*Input records:*
□ □ □ □ □

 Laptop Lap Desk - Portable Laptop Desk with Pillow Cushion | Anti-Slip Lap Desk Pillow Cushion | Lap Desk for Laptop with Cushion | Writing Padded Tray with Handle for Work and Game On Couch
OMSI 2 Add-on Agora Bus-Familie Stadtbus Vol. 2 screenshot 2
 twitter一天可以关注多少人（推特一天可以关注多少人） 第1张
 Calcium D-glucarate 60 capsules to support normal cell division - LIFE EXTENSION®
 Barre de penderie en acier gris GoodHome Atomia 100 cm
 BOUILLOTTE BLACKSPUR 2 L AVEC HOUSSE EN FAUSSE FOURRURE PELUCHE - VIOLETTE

□ □ □ □ □

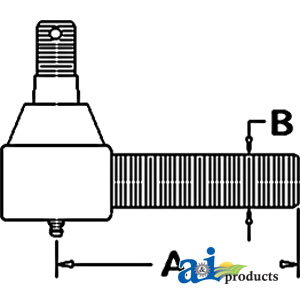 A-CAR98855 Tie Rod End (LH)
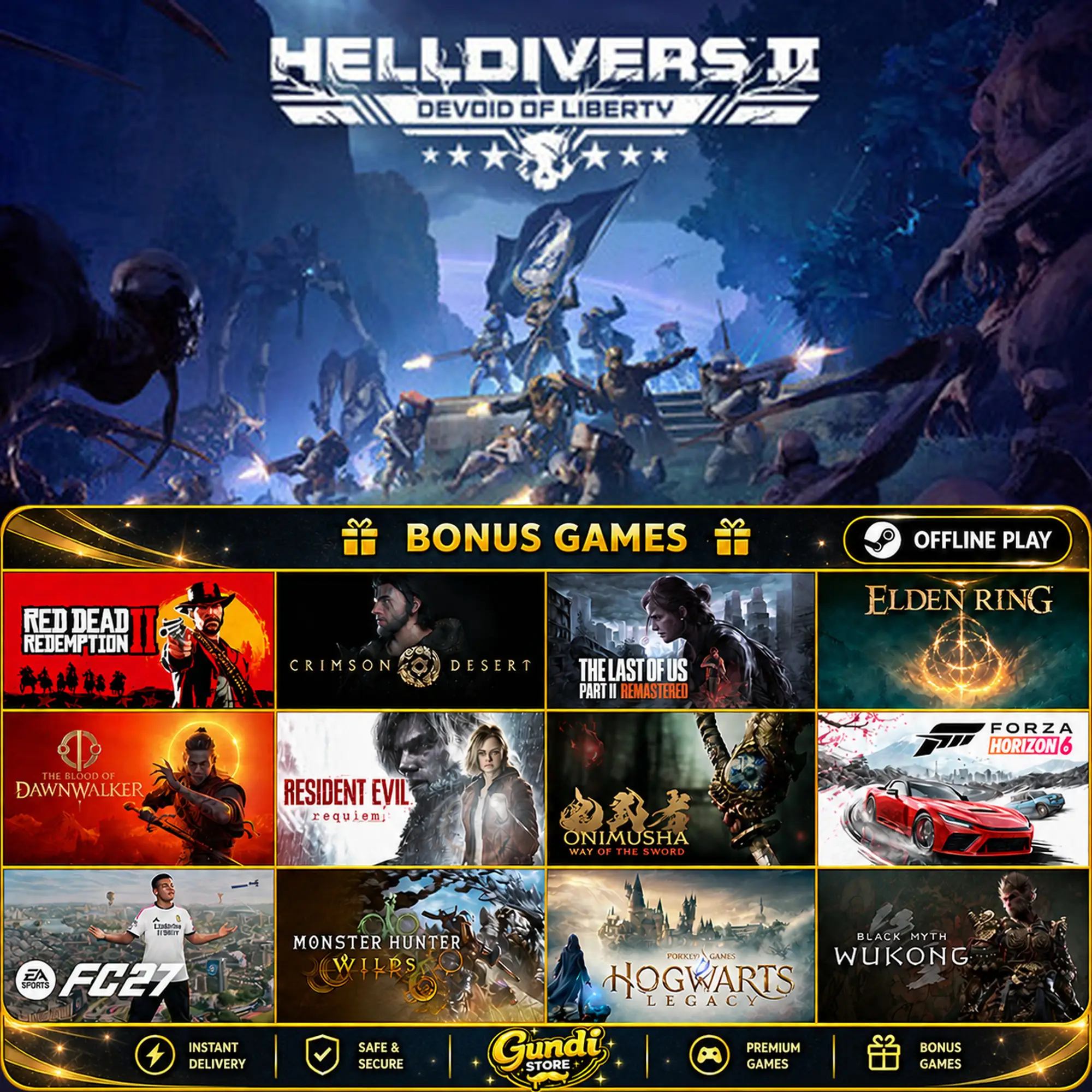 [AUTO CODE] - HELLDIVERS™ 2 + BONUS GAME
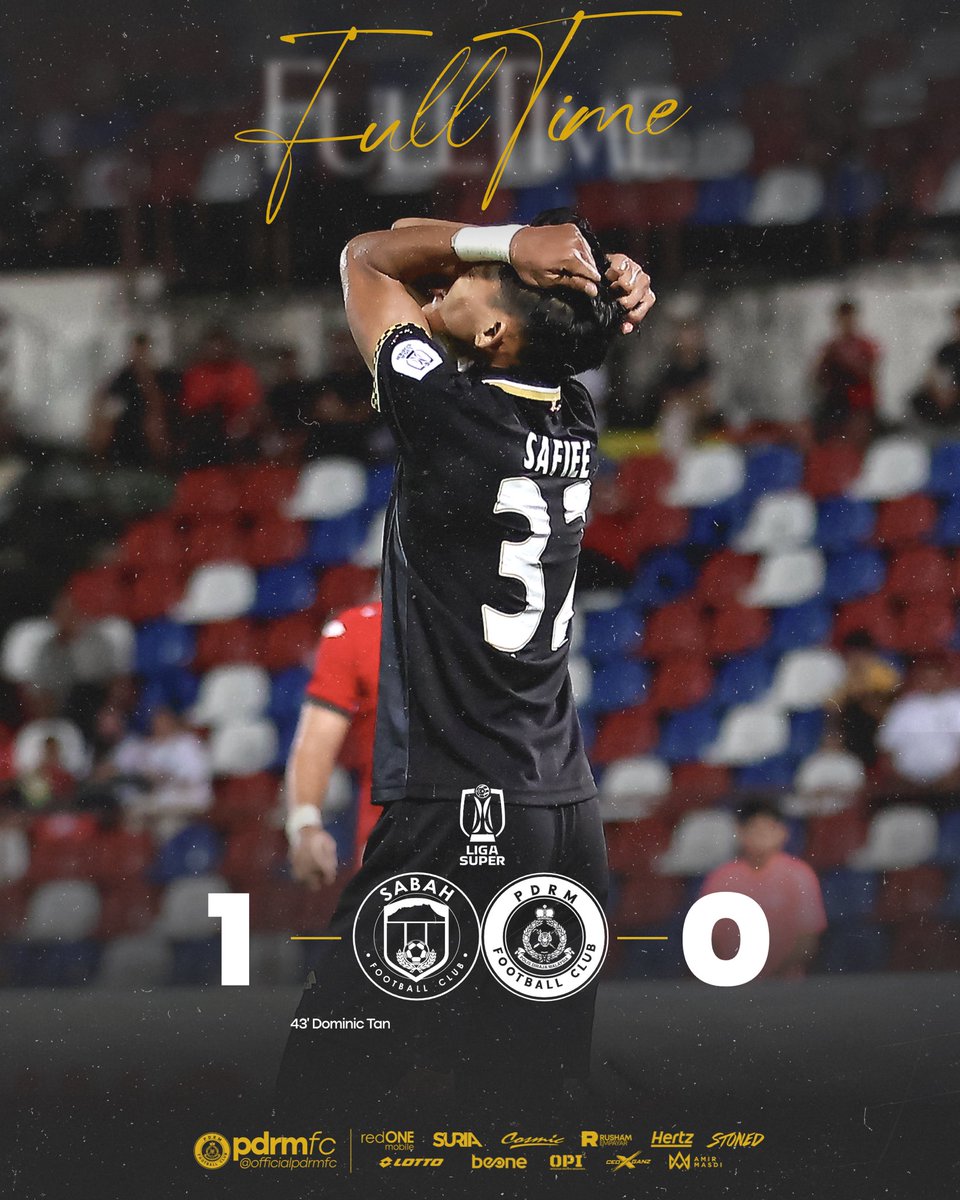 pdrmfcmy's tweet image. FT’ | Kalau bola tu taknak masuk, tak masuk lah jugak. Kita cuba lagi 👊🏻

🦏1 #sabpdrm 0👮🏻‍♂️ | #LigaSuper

□ □ □ □ □

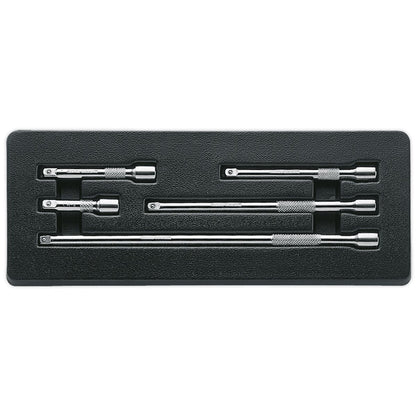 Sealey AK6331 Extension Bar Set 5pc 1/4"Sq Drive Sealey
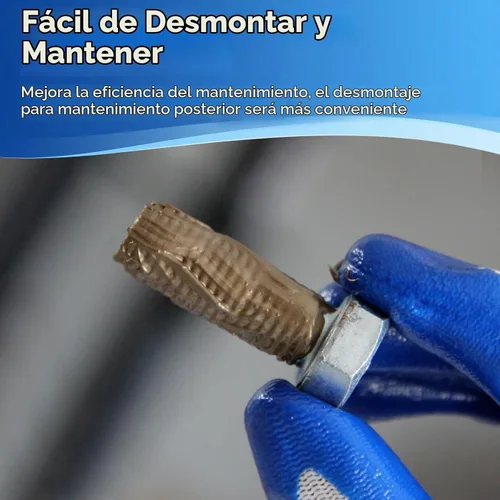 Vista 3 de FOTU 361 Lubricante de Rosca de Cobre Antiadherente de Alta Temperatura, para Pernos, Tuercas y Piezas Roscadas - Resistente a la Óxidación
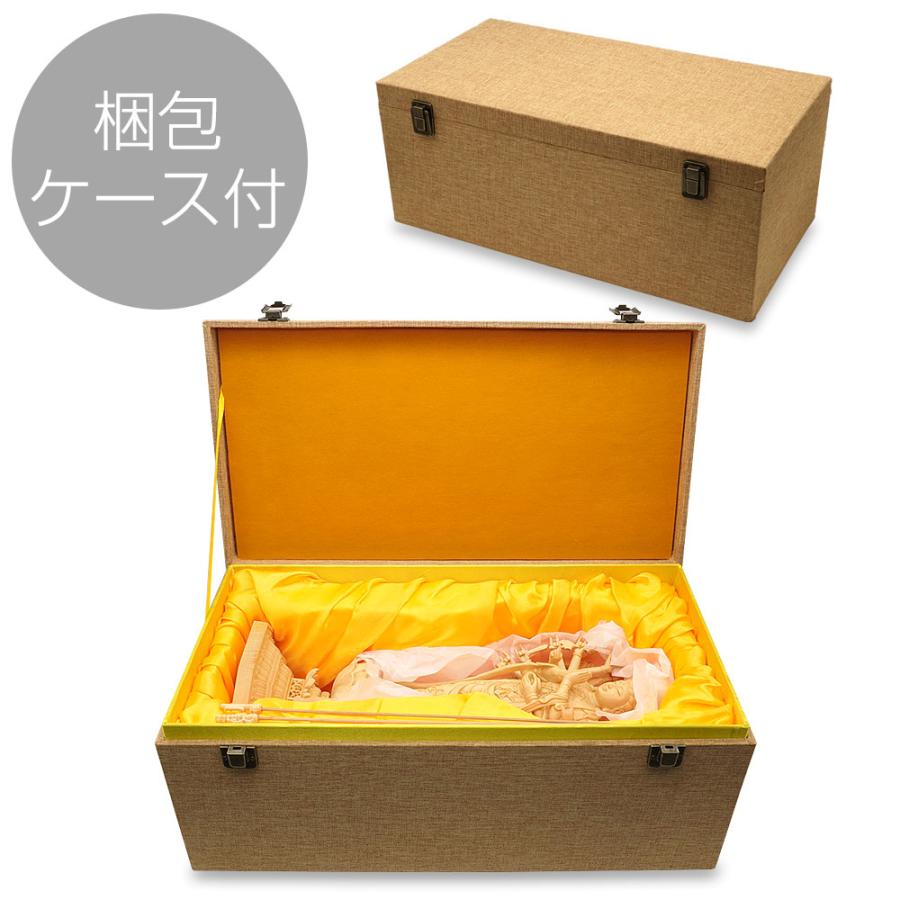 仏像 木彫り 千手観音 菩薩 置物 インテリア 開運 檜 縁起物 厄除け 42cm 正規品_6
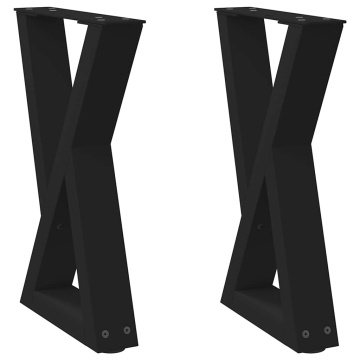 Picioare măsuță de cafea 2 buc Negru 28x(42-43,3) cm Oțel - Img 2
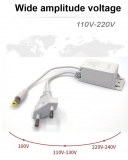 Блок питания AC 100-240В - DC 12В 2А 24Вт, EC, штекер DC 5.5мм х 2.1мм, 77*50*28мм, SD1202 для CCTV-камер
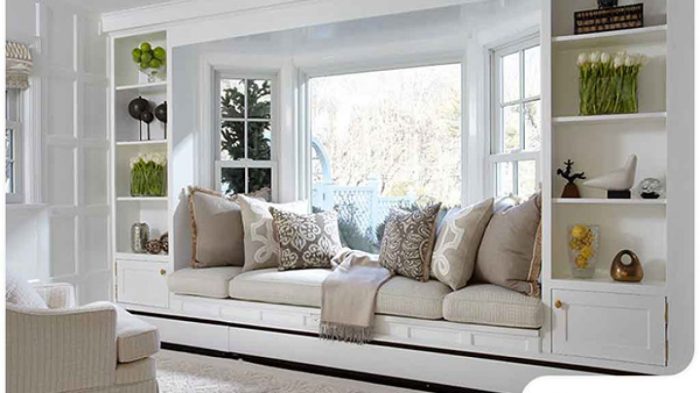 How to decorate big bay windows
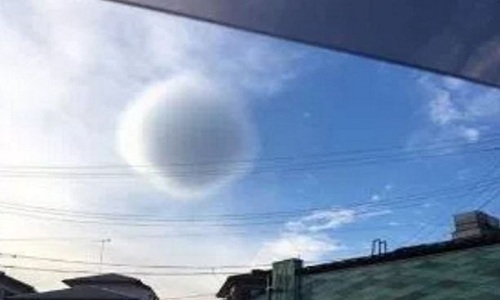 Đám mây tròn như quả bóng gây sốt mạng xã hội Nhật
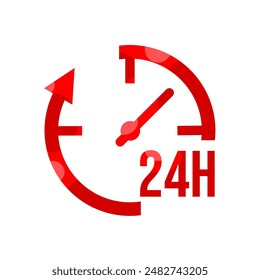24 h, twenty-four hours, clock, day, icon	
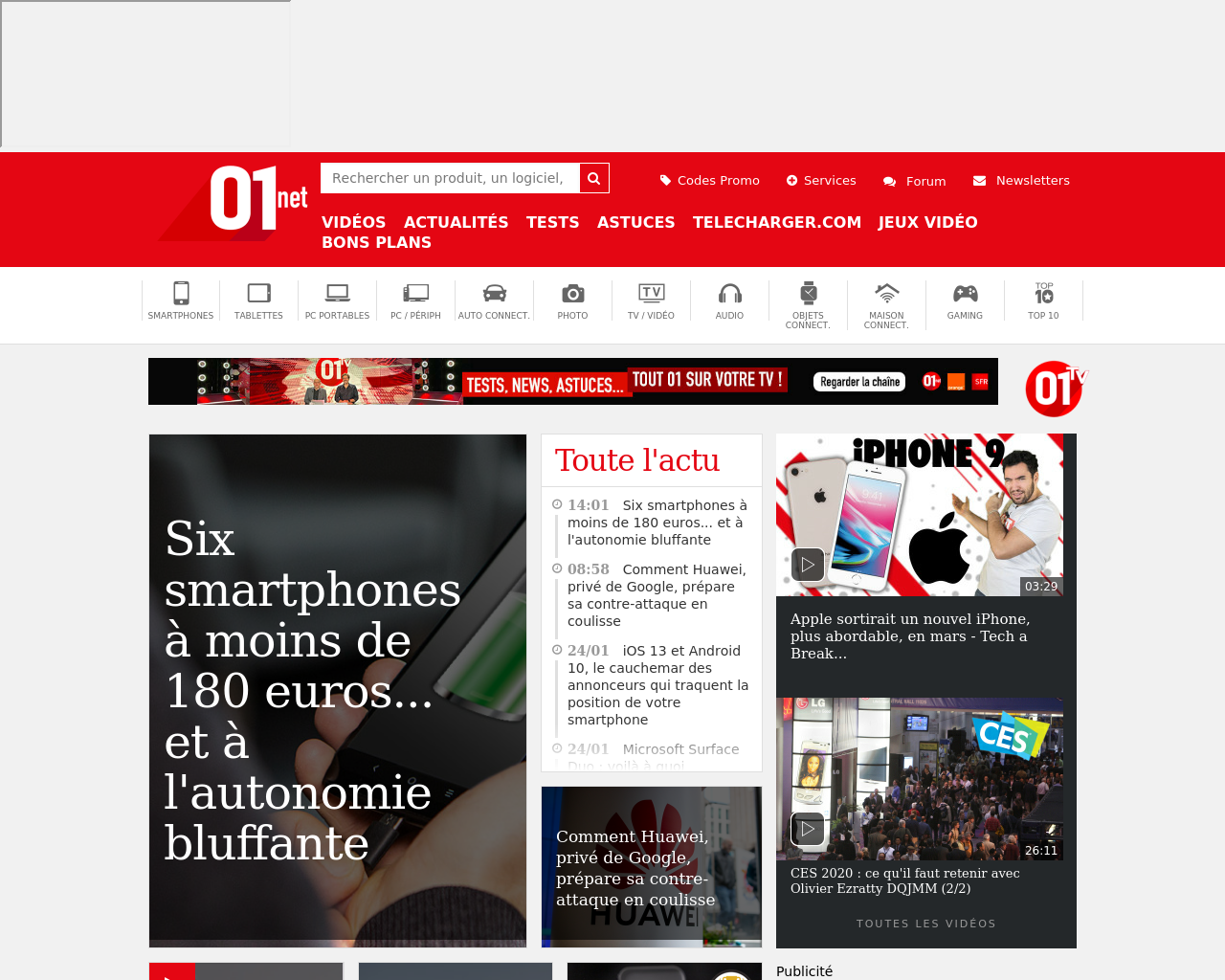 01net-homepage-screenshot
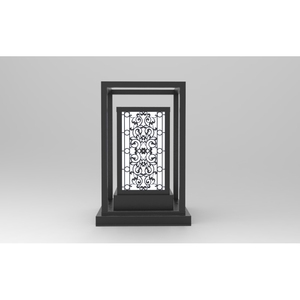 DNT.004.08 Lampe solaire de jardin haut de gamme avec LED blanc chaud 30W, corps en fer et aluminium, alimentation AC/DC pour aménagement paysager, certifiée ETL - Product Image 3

□ □ □ □ □

Between and including the line with "How to decorate big bay windows" and the line with "DNT.004.08 Lampe solaire", repeat every line exactly as it appears above, with pictures left out.

 How to decorate big bay windows
 Đám mây tròn như quả bóng gây sốt mạng xã hội Nhật
24 h, twenty-four hours, clock, day, icon	
 01net-homepage-screenshot
 DNT.004.08 Lampe solaire de jardin haut de gamme avec LED blanc chaud 30W, corps en fer et aluminium, alimentation AC/DC pour aménagement paysager, certifiée ETL - Product Image 3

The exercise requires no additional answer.